*Activity:*
Please repeat exactly the lines below from the line with "2025 Ram 3500 Limited photo 64" to the line with "Salle de bains", including both, and leave out every picture.

*Listed records:*
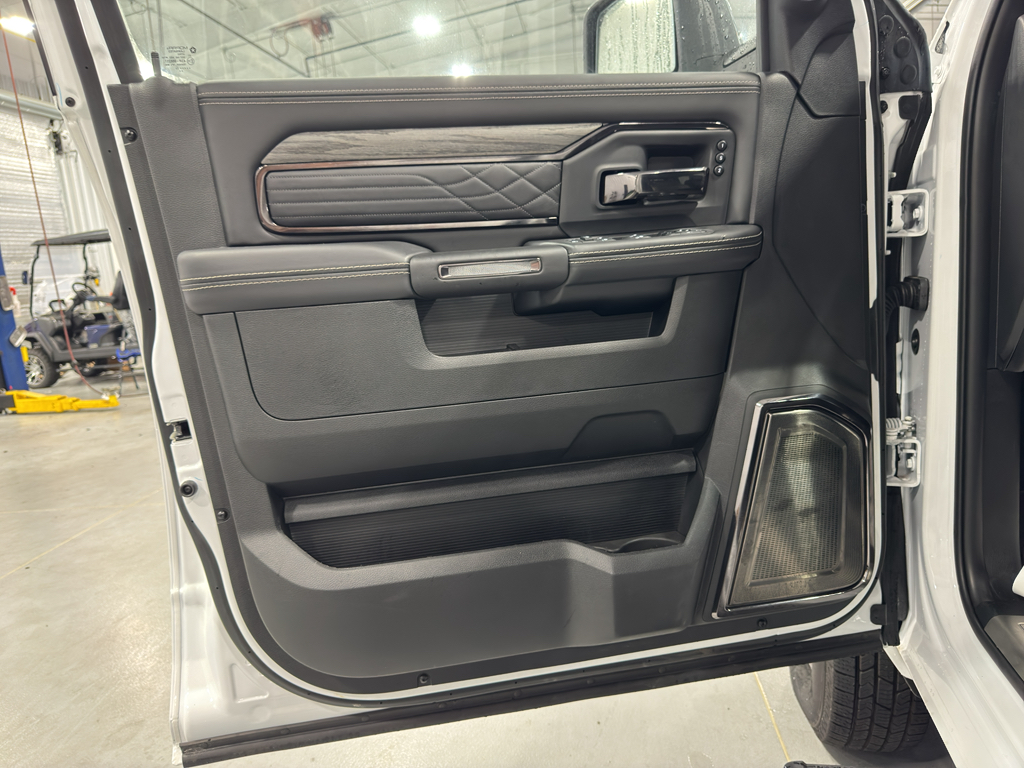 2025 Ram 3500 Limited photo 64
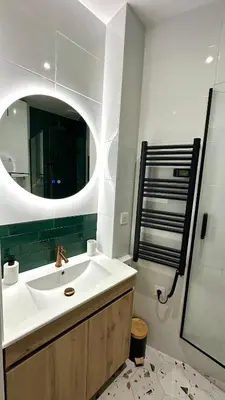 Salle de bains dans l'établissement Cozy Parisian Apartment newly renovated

---

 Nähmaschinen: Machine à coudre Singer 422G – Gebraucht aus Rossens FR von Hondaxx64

*Solution to this problem:*
 2025 Ram 3500 Limited photo 64
 Salle de bains dans l'établissement Cozy Parisian Apartment newly renovated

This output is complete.